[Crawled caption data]
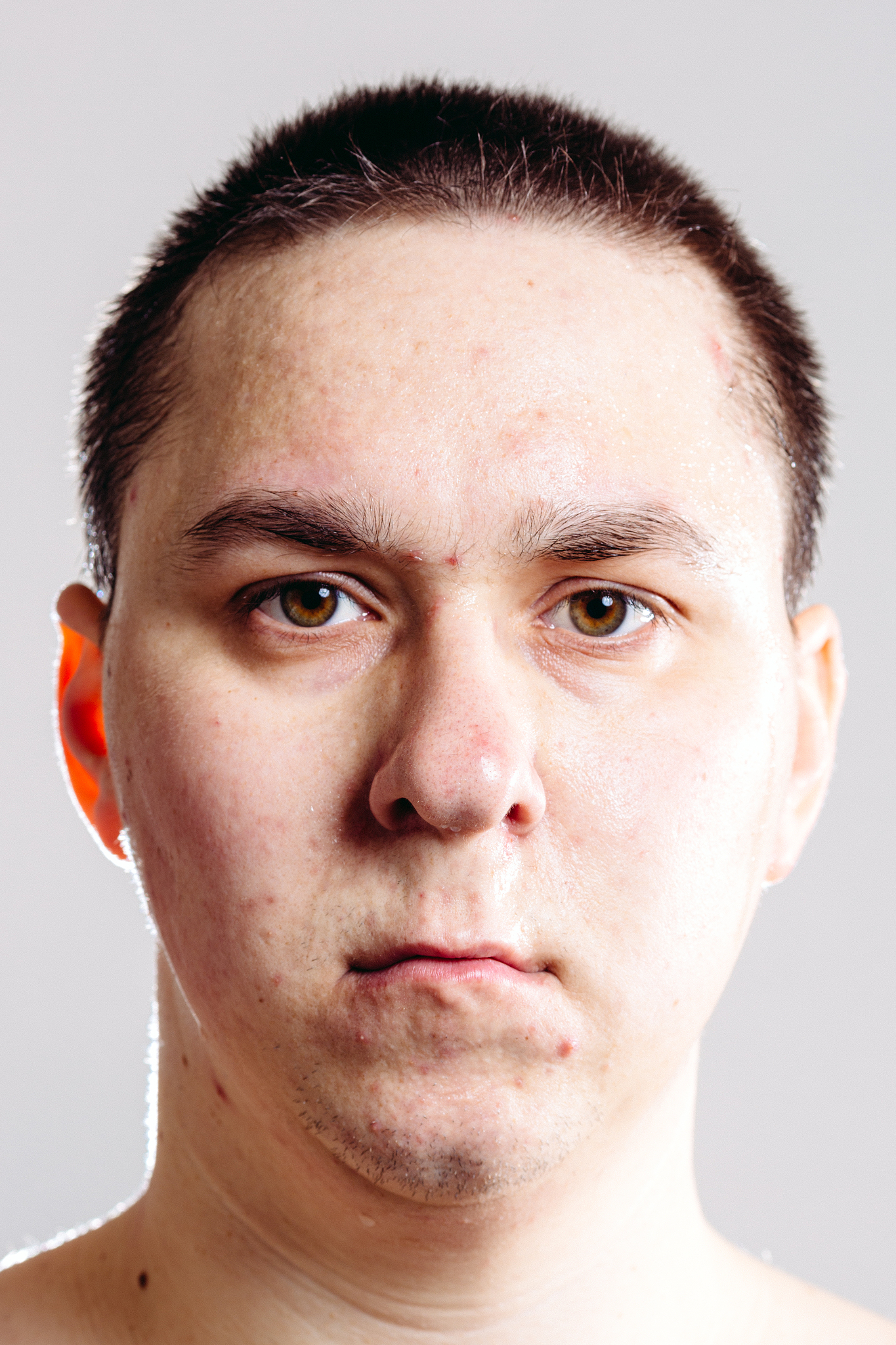 macho tough guy close up studio portrait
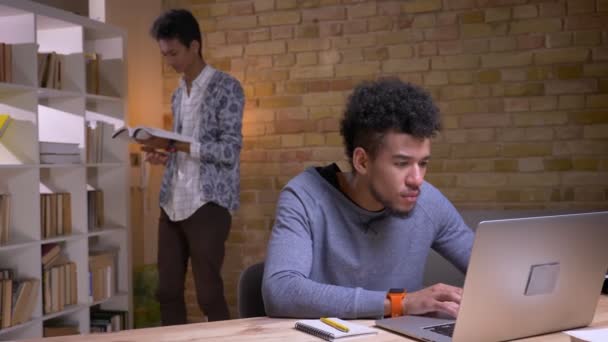 Foto ravvicinata di due studenti etnicamente diversi che studiano insieme in biblioteca. Uomo afroamericano che utilizza il computer portatile mentre l'uomo indiano legge il libro sullo sfondo — Video Stock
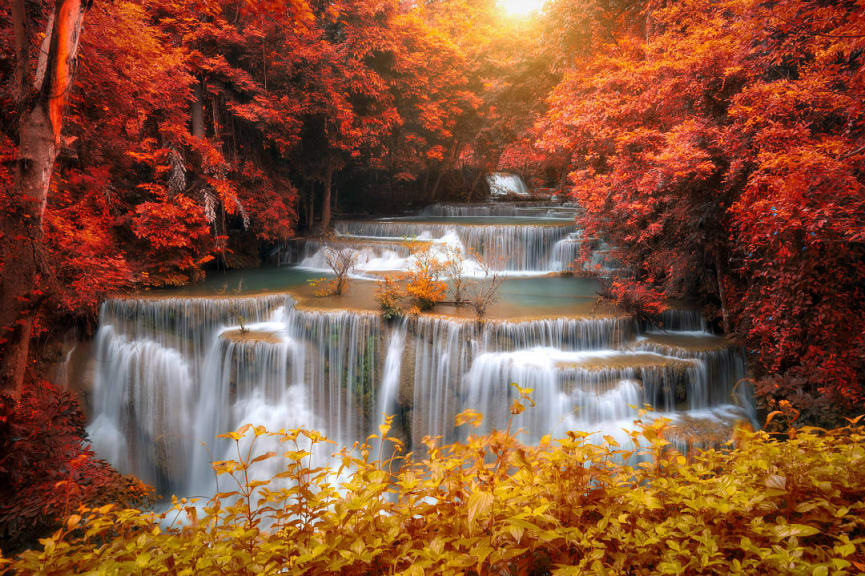 Autumn foliage surrounding Huai Mae Khamin Waterfall in Kanchanaburi, Thailand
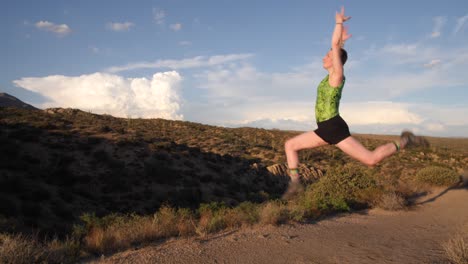 Gymnast-jumps-into-the-air-posing-with-her-arms-over-her-head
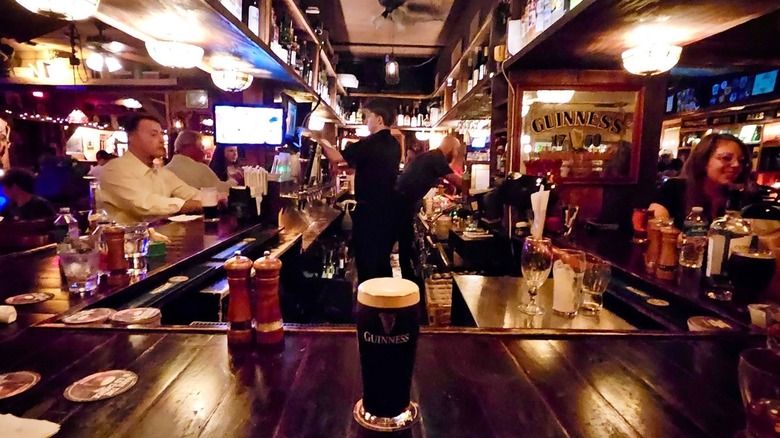 Busy pub with customers at bar and pint of Guinness in center
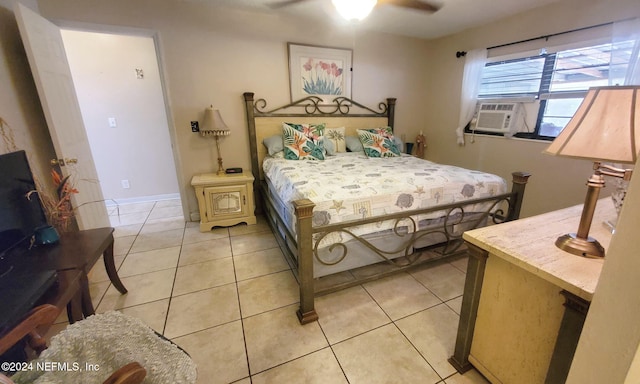 tiled bedroom featuring ceiling fan and cooling unit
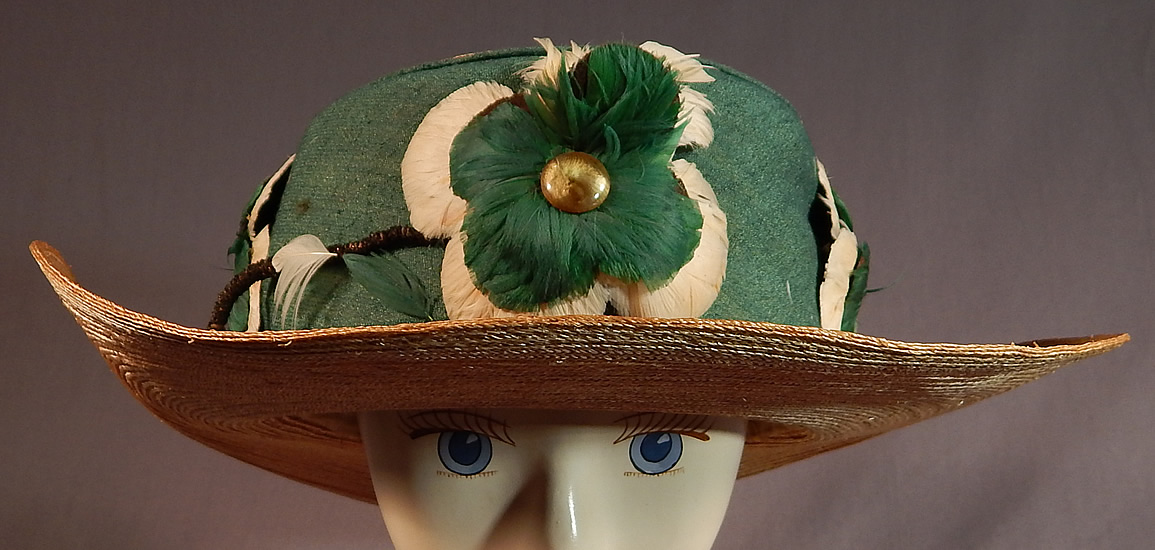 Vintage M. H. Loach Natural Woven Straw Green Ribbon Feather Rosette Wide Brim Hat
This sensational summer sun hat has slightly upturned sides, wide brim with rounded crown top and is fully lined, in a white silk fabric inside. 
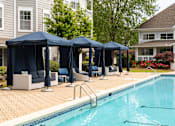 Thumbnail 23 of 30 - A pool with a blue canopy and chairs around it.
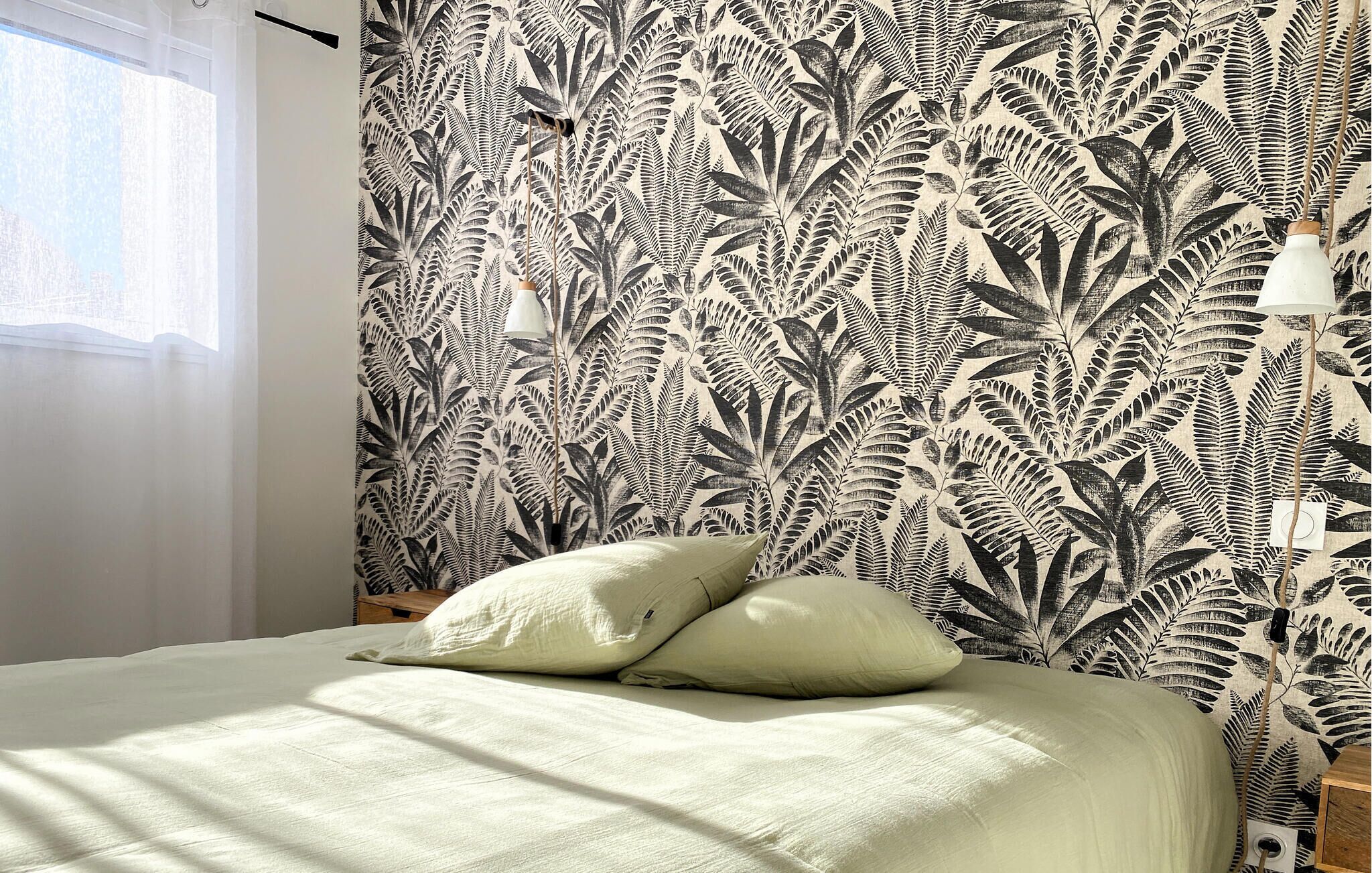 A bedroom with a bed, two pillows, a nightstand, a lamp, and a wall with a fern leaf pattern.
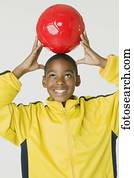 africano, menino, bola futebol segurando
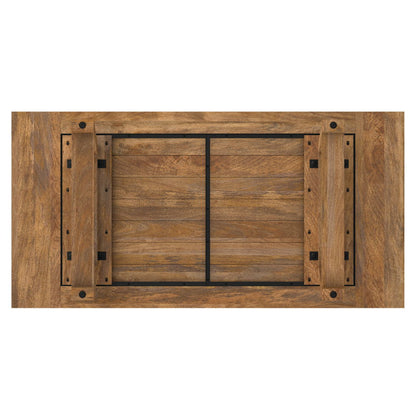 The Whitley Dining Table in Burnt Wax Brown is shown from above, upside down with its four legs folded inward, highlighting the tabletop's wood grain and black metal support bars on the underside.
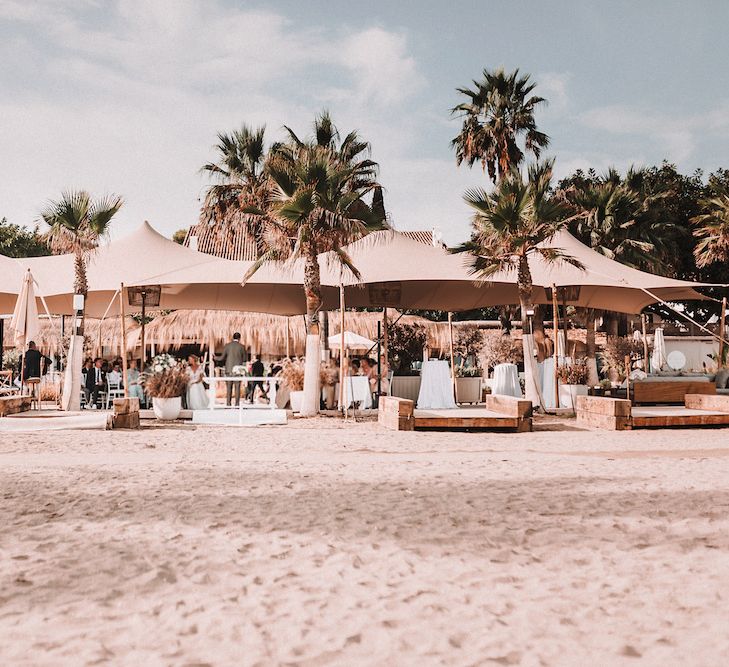 Wedding Ceremony | Bride in Yaki Ravid Gown | Groom in Armani Suit | Blush Pink &amp; White Marbella Beach Wedding at El Chiringuito, Puente Romano |  Kino Ortega Photographer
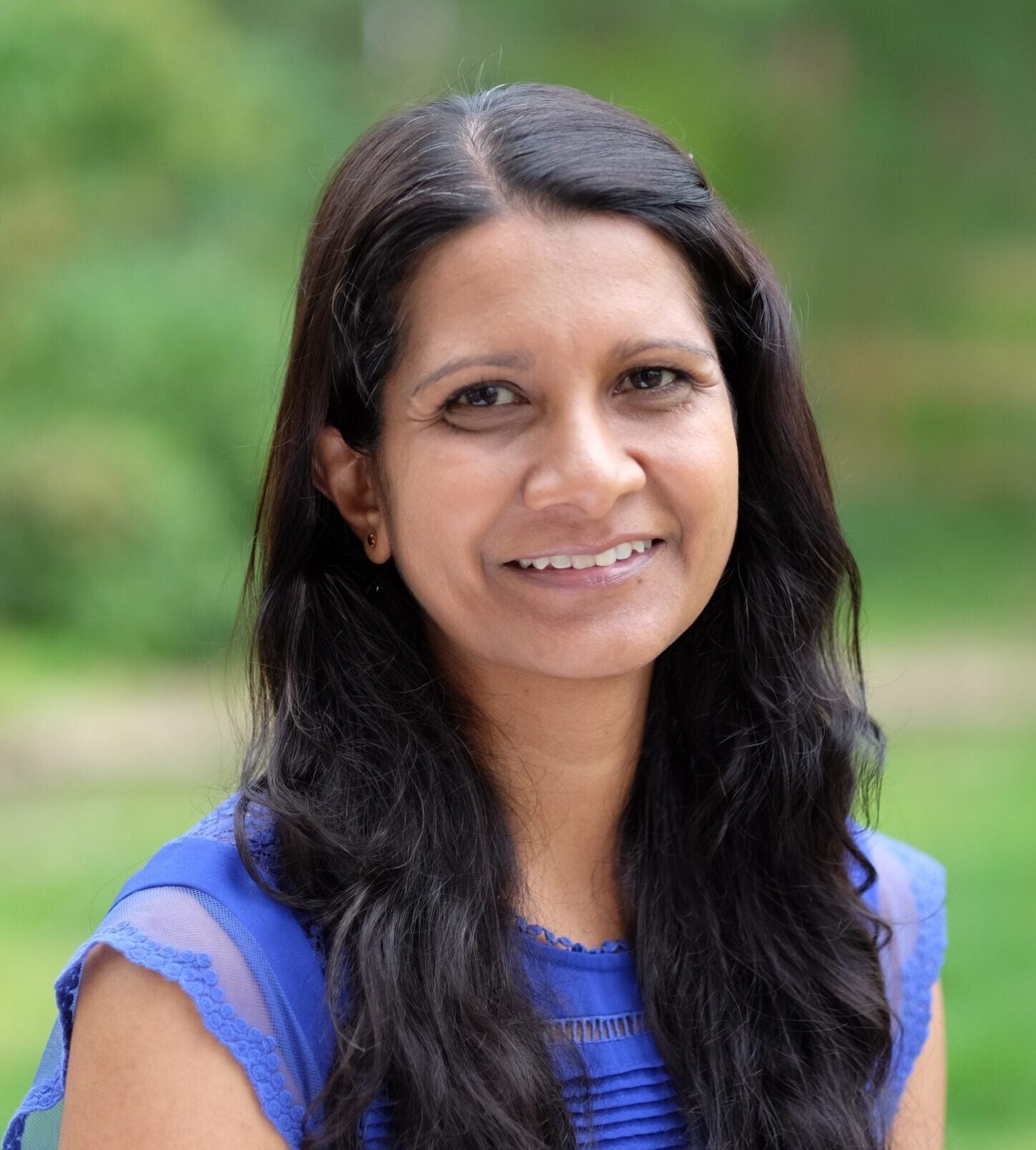 Dr. Sudhir smiling with blurred green background and wearing blue sleeveless blouse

▶ [Task to complete]: Counting the line with "Gymnast-jumps-into-the-air-posing-with-her-arms-over-her-head" and the last line of the data above, transcribe those two lines and every line between them exactly, without the pictures.

▶ [Expected answer]:
 Gymnast-jumps-into-the-air-posing-with-her-arms-over-her-head
 Busy pub with customers at bar and pint of Guinness in center
 tiled bedroom featuring ceiling fan and cooling unit
 Vintage M. H. Loach Natural Woven Straw Green Ribbon Feather Rosette Wide Brim Hat
This sensational summer sun hat has slightly upturned sides, wide brim with rounded crown top and is fully lined, in a white silk fabric inside. 
 Thumbnail 23 of 30 - A pool with a blue canopy and chairs around it.
 A bedroom with a bed, two pillows, a nightstand, a lamp, and a wall with a fern leaf pattern.
 africano, menino, bola futebol segurando
 The Whitley Dining Table in Burnt Wax Brown is shown from above, upside down with its four legs folded inward, highlighting the tabletop's wood grain and black metal support bars on the underside.
 Wedding Ceremony | Bride in Yaki Ravid Gown | Groom in Armani Suit | Blush Pink &amp; White Marbella Beach Wedding at El Chiringuito, Puente Romano |  Kino Ortega Photographer
 Dr. Sudhir smiling with blurred green background and wearing blue sleeveless blouse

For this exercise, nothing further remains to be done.